**What is required**
Only the stretch below from the line holding "Flessibile in metal" through the line holding "Rock On Rock" should be restated, word for word and with both ends included; pictures stay out.

**Information**
───
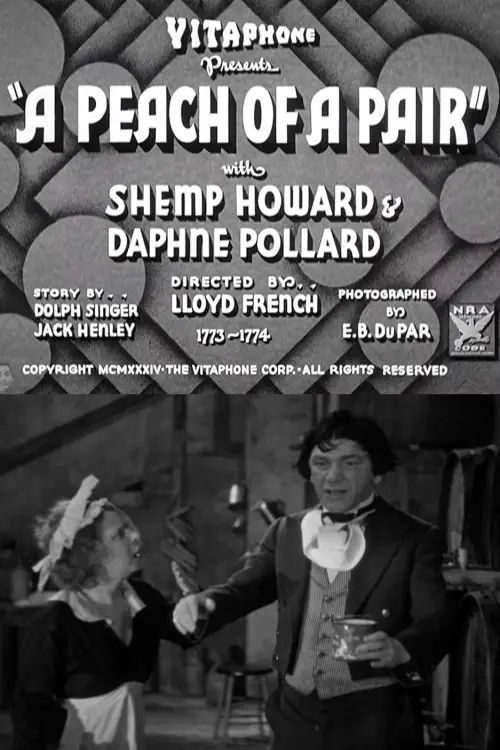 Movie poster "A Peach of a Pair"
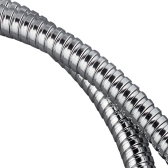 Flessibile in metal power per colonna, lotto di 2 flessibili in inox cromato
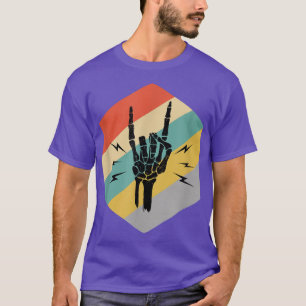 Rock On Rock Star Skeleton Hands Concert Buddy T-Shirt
───
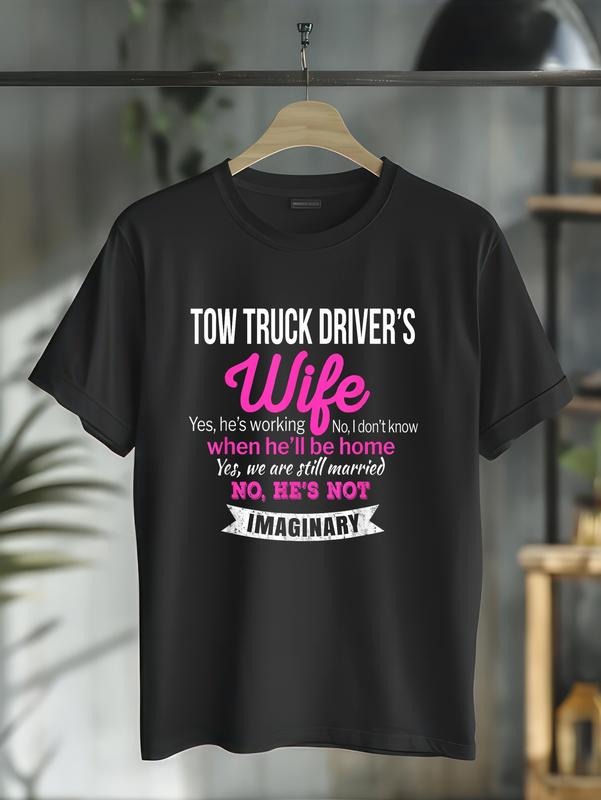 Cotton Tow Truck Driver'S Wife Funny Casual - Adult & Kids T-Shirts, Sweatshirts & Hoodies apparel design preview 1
───
**Response**
 Flessibile in metal power per colonna, lotto di 2 flessibili in inox cromato
 Rock On Rock Star Skeleton Hands Concert Buddy T-Shirt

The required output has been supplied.